#### [Exercise details]
The result should consist solely of the line containing "Forever 21 Cropped Cable Knit Sweater" and the lines that follow it below, each reproduced exactly, the last line included.

#### [Dataset]

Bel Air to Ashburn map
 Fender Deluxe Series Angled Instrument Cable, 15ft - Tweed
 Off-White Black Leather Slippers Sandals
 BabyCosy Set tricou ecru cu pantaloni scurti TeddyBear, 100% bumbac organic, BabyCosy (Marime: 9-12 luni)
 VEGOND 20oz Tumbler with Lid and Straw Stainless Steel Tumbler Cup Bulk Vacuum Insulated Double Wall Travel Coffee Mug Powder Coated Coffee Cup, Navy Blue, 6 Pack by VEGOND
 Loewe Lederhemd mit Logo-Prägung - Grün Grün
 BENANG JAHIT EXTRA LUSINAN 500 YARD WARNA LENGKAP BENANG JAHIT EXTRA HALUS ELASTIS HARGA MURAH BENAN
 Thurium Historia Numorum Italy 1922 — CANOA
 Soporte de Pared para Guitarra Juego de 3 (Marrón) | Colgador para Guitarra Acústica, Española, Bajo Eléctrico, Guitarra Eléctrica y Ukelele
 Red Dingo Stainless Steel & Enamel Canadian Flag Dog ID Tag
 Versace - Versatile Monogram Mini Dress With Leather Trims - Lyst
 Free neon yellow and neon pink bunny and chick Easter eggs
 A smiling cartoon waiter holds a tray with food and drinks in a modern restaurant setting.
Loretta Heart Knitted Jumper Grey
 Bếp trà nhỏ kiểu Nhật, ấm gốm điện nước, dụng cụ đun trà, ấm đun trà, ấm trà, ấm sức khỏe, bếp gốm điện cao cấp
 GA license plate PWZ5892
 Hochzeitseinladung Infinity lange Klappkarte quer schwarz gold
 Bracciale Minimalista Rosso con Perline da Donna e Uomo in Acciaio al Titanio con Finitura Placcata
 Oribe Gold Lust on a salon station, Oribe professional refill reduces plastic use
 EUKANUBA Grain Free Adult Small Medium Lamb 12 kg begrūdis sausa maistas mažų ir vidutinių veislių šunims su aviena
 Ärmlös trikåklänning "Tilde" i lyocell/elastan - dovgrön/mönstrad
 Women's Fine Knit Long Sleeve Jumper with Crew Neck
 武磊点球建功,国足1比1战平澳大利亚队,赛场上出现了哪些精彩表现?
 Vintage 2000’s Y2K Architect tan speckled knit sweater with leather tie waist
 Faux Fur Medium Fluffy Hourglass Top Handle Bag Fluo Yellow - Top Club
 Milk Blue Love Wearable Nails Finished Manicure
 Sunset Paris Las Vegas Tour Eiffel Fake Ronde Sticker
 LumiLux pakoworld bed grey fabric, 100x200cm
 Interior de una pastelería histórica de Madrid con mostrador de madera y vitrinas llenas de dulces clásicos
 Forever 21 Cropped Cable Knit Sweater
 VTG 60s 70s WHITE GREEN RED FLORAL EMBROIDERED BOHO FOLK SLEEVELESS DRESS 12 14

#### [Answer to this task]
 Forever 21 Cropped Cable Knit Sweater
 VTG 60s 70s WHITE GREEN RED FLORAL EMBROIDERED BOHO FOLK SLEEVELESS DRESS 12 14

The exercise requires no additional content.